Simberg and Steyn issued a motion to dismiss but the trial court denied, concluding that Dr. Mann’s claims were “likely to succeed on the merits.”

“I think the court’s point is that it’s one thing to take issue with Dr. Mann’s conclusions but questioning his professionalism or claiming that he manipulated data is not constitutionally protected activity,” Connor Mullin, counsel at Akin Gump, told Legal Newsline.

According to Mullin, when an opinion implies the existence of facts, it can constitute defamation.

“A common misconception is that opinions are immune to a defamation suit,” Mullin said. 

“The opinions showed that courts are going to play a critical role in our post-fact world. In court, it really comes down to admissible evidence. The court painstakingly set forth four separate investigations by various independent bodies that concluded that Dr. Mann did not manipulate data.”

These cases generally, more often than not, settle before trial, but this type of ruling is usually an inflection point in the case, and the Court of Appeals certainly concluded that Mann was “likely to succeed,” according to Mullin.
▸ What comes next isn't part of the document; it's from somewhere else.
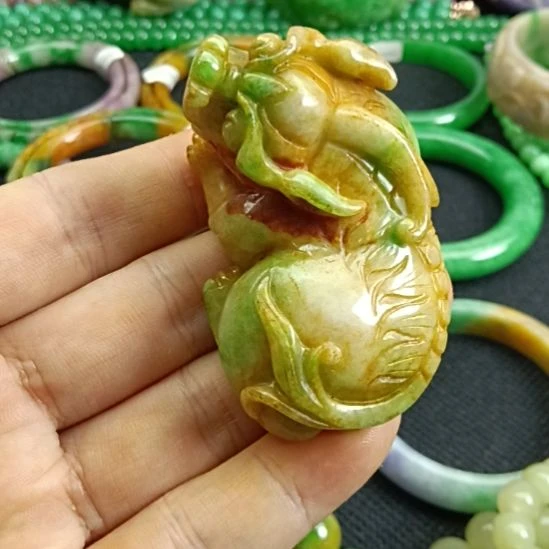 飞***海翡翠未镶嵌颈饰翡翠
And in many ways, he’s already achieved many of the goals of reputational recovery.

The accusations likely arose from a 2009 scandal in which thousands of emails from the Climate Research Unit, some between Mann and CRU climate scientists, were somehow obtained and anonymously published on the internet.

According to court documents, “In a controversy dubbed 'Climategate,' some of these emails were cited as proof that climate scientists, including Dr. Mann, falsified or manipulated their data, in collusion with government officials, to produce the hockey stick result. The emails led to public questioning of the validity of the research leading to the hockey stick graph and to calls for evaluation of the soundness of its statistical analysis and the conduct of the scientists involved in the research, including, specifically, Dr. Mann.”

Shortly after, the claims were investigated by several scientific and environmental entities, colleges and committees. It was stated in court documents that none of the investigations found any evidence of fraud, falsification, manipulation, or misconduct on the part of Mann. The reports of this were published in 2010 and 2011, shortly before the articles published by Simberg and Steyn.

The failure to retract the articles prompted Mann to continue with the suit. The trial court’s decision concluded that “Dr. Mann has supplied sufficient evidence for a reasonable jury to find, by a preponderance of the evidence, that statements in the articles written by Mr. Simberg and Mr. Steyn were false, defamatory, and published by appellants to third parties, and, by clear and convincing evidence, that appellants did so with actual malice.”

“I think that a retraction wasn’t done because withdrawing or correcting a story after publication can be embarrassing professionally,” Mullin said. “It’s not uncommon for journalists to resist having to issue a retraction and obviously the authors have strong views about global warming.”